Of course, the SNP themselves may not be immune to electoral volatility if another snap General Election is called before the referendum takes place. Survation’s new figures suggest that the SNP’s lead over the Tories in Westminster voting intentions has sharply increased from eight points to 15 since the 2017 election, and that their lead over Labour has increased from 10 points to 12 over the same spell. That would see them make substantial seat gains from both major unionist parties. But, crucially, their position in relation to Labour is rather precarious. Of the seven post-election Scottish polls that have been conducted by all polling firms, three have suggested that the SNP’s advantage over Labour has increased since June, three have suggested that it has decreased, and one showed no change. Given that both Labour and the SNP hold a number of ultra-marginal seats, it’s not at all clear which party would be most likely to make gains from the other, even if an election were to be held tomorrow. What would happen after several weeks of intensive campaigning is harder still to predict.

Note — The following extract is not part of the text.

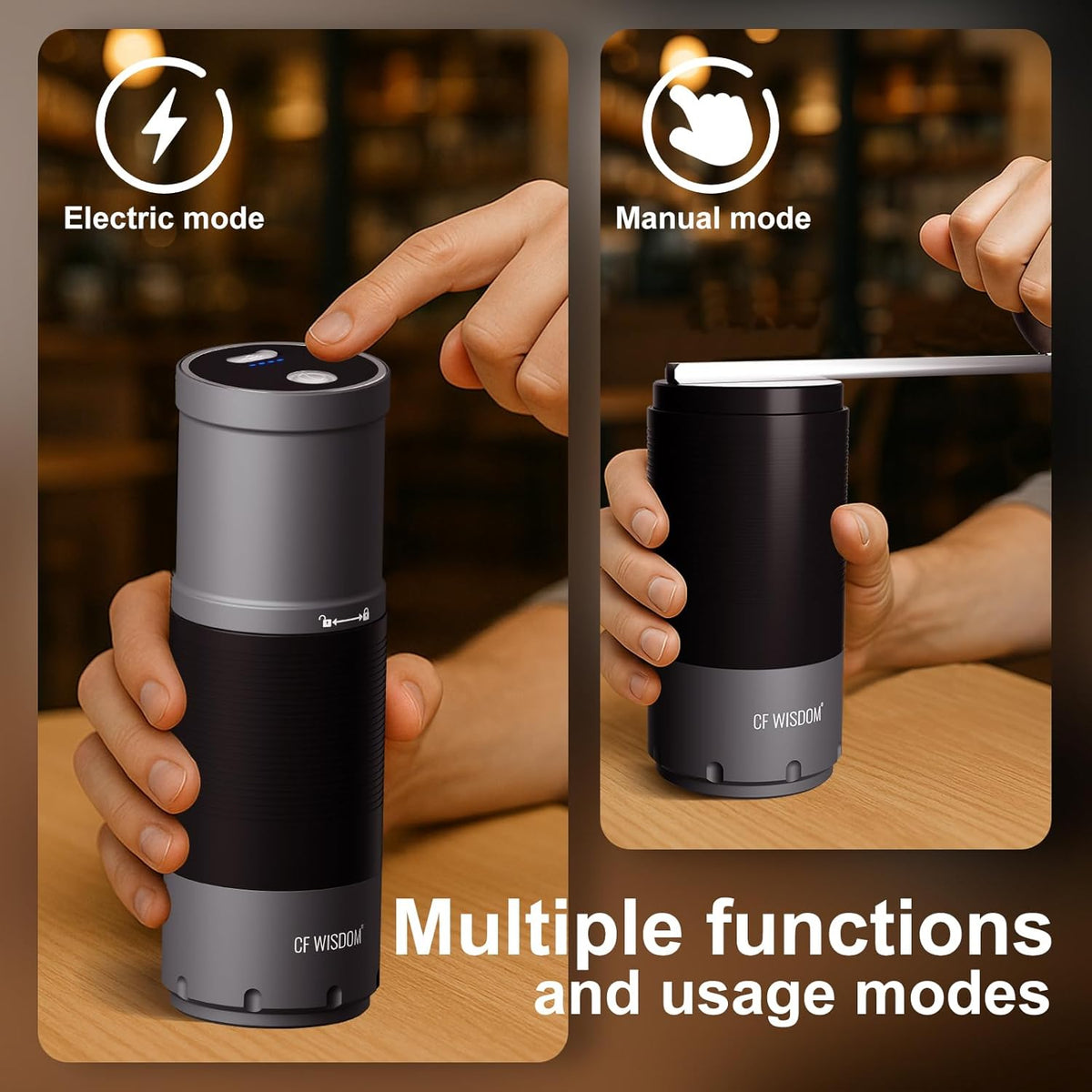 Portable Electric Coffee Grinder, Conical Burr Coffee Grinder – Dual Mode Manual & Electric Grinder Manual with Adjustable Grind Settings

Nevertheless, the SNP will take enormous heart from the Survation poll, primarily because it contradicts a recent YouGov poll which reported an apparent dip in the party’s fortunes. If Survation had replicated YouGov’s findings, it would have looked very much like a worrying new trend. As it is, the SNP appear to be more than holding their own, and can afford to look ahead to any fresh election with at least as much optimism as trepidation.